## About this exercise
Write out word for word each line of the records, beginning at the first and stopping after the line with "Till Divorce Do Us Part! Chapter 58 page 59". Leave the pictures out.

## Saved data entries
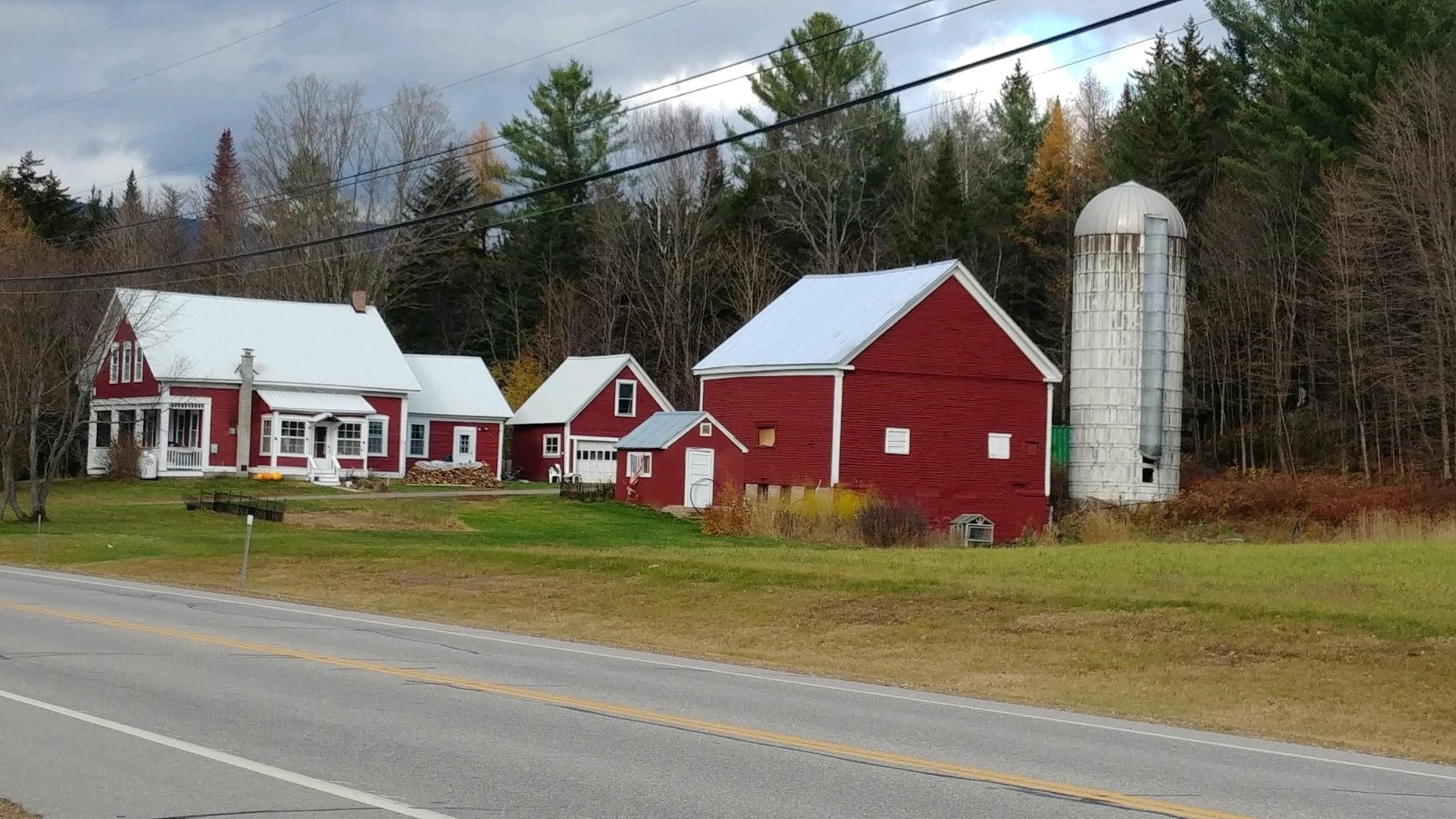 Stratford, Coos County, NH Lakefront Property, Waterfront Property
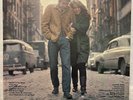 Bob Dylan The Freewheelin Mono LP 1963 Withdrawn Cover Canadian Pressing VG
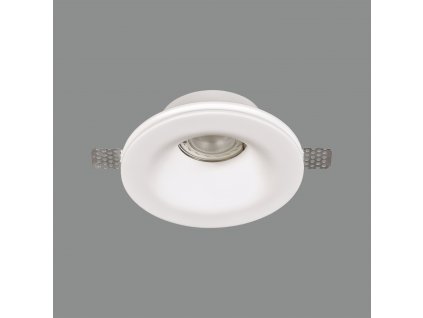Zapuštěné LED svítidlo GAMMA, ⌀ 13 cm, 1xGU10 8W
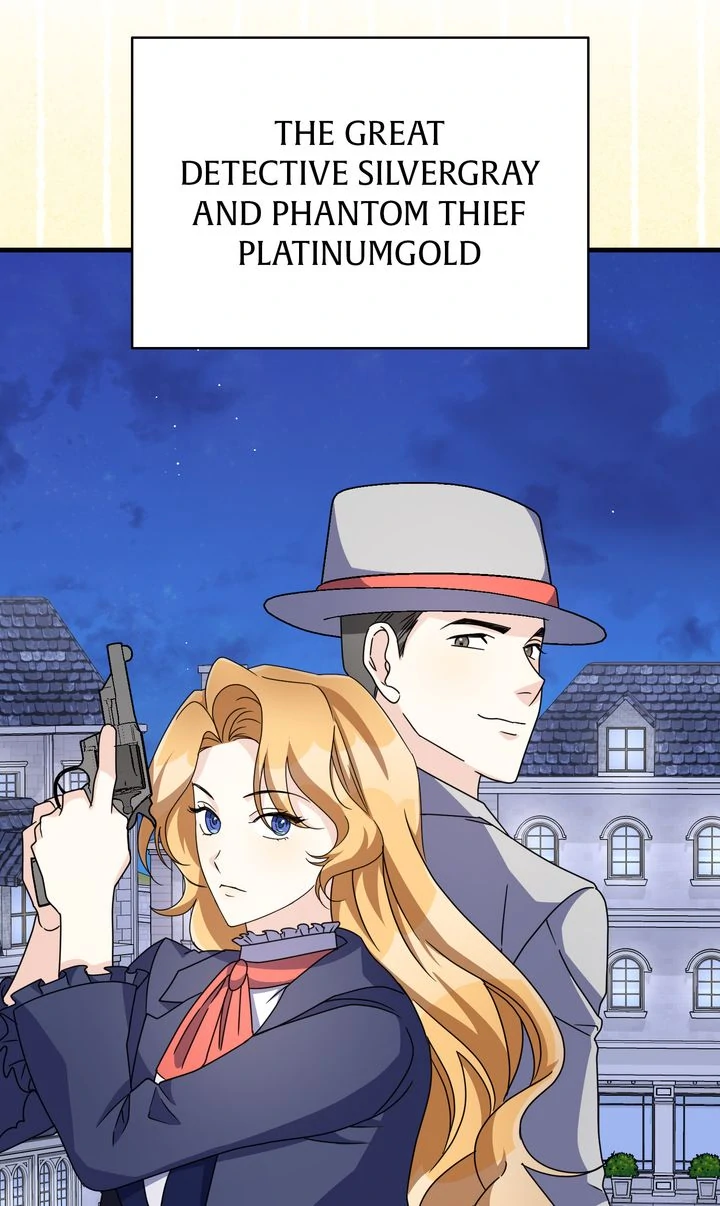 Till Divorce Do Us Part! Chapter 58 page 59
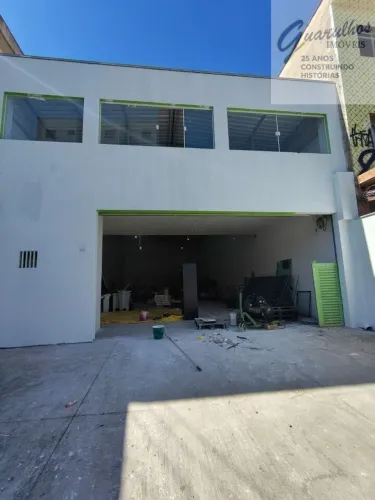 salão comercial vila Galvão - Guarulhos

## Solved exercise
 Stratford, Coos County, NH Lakefront Property, Waterfront Property
 Bob Dylan The Freewheelin Mono LP 1963 Withdrawn Cover Canadian Pressing VG
Zapuštěné LED svítidlo GAMMA, ⌀ 13 cm, 1xGU10 8W
 Till Divorce Do Us Part! Chapter 58 page 59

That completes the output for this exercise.